The following video features burning of the US and Israeli flags at a protest in London. Watch closely where they have their banner: Followers of Mohammed will conquer America.

https://www.youtube.com/watch?v=RMsU9Ex-kJY

The following is a long video but I believe people should look at what is happening in Britain as it is a forerunner to what will happen in the US if allowed to. It also features a video taken by a young woman who returned to Luton in the UK to see if what she had heard was true. She found her worst nightmare had come true with Muslim protest groups chanting that the British police should go to hell etc. Really, Britain has brought this on themselves because the country became so politically correct that these types of protest were allowed to go on. For fear or being accused of racism police turned a blind eye to Islamist pedophile groups who raped young children. The scandal is still unfolding. So much for a peace loving, pure religion.

https://www.youtube.com/watch?v=qZ-QX8LuKHA

Jan



George said...


You can take the statement as ironic if you want. ALL faithful Catholics struggle to one degree or another(some more than others) with trying to keep from sinning-with faithfully observing all the precepts of the Faith. Why does one group deserve empathy more than all other Catholics? God's grace is available to all.

Anonymous 2 said...

George:

If you cannot understand the difference between someone who is permitted to have hope of getting married and someone who is permitted to have no such hope, I cannot help you. I was not denying the existence of God’s grace. We don’t ignore people’s trials and just consign them to God’s grace. We are there to help as well, as unworthy instruments of that grace. And to do_that_requires empathy for the situation of the sinner.



Anonymous 2 said...

Anon. Jan:

In one sense it is of course erroneous to call Islam a religion of peace, just as it is erroneous to call any religion a religion of peace, because its practitioners may always engage in violence and other objectionable practices and indeed justify that conduct by the skewed interpretation of their holy texts.

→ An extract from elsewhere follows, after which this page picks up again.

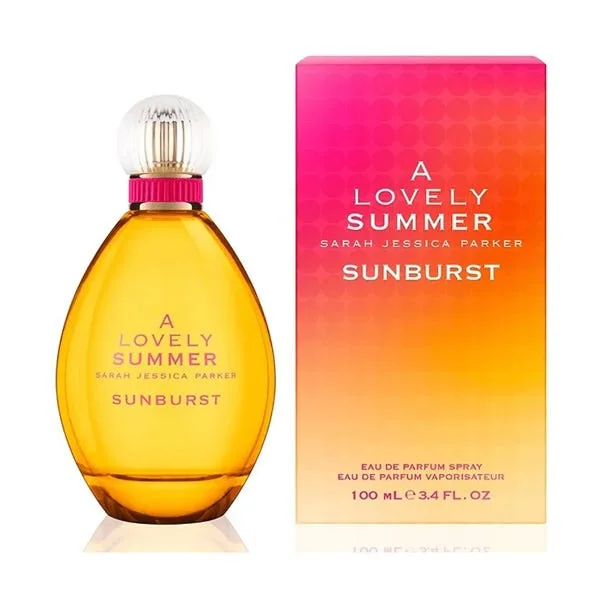 Туалетная вода для женщин SARAH JESSICA PARKER A Lovely Summer Sunburst 100 мл — фото 2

The policies of European countries are a whole separate subject. I don’t disagree that some of the immigration policies pursued by those countries have been unwise.

Anonymous 2 said...

I need to rephrase the first sentence of my earlier response the George:

“If you cannot understand the difference between someone who is permitted to have hope of getting married and someone who is not permitted to have such hope, I cannot help you.”

George said...

Anonymous 2
There are other reasons that one cannot marry besides being homosexual. I've known and met people of advanced age who were never married. They never asked anyone for empathy or sympathy. Come to think of it, no homosexual person I have run across and talked to has ever asked for those. The rain falls on the just and the unjust alike. Some are born deaf and blind, others are born into poverty and dysfunctional families.
If you can help and have helped someone deal with he reality that life is tough then
you are doing something good an commendable. When the opportunity arose I have tried to do that myself.

Marriage is not the hallmark of being a Christian anyway.

George said...

I should qualify my response of 10:51 AM where I remarked: "Come to think of it, no homosexual person I have run across and talked to has ever asked for those." Not being homosexual and therefore never having been involved in that lifestyle, my knowledge base is severely limited. I could be rightly accused of extrapolating more than I should from what little I know. Just because I have personally never heard that sentiment or need expressed to me does not mean that it does not exist. My objective is to always be civil and charitable to everyone I encounter. Engaging in social pleasantries though, in most cases does not get one beyond a superficial knowledge of another person.

Anonymous 2 said...

George:

Thank you for your honesty. It is what I would expect; your integrity is evident in your posts. All I can say is that my experience is different in that I have known many gays and lesbians – students, colleagues, friends, and relatives, not to mention priests – over the years. Indeed, even my college roommate was gay. And one can deserve empathy or compassion without having to ask for it.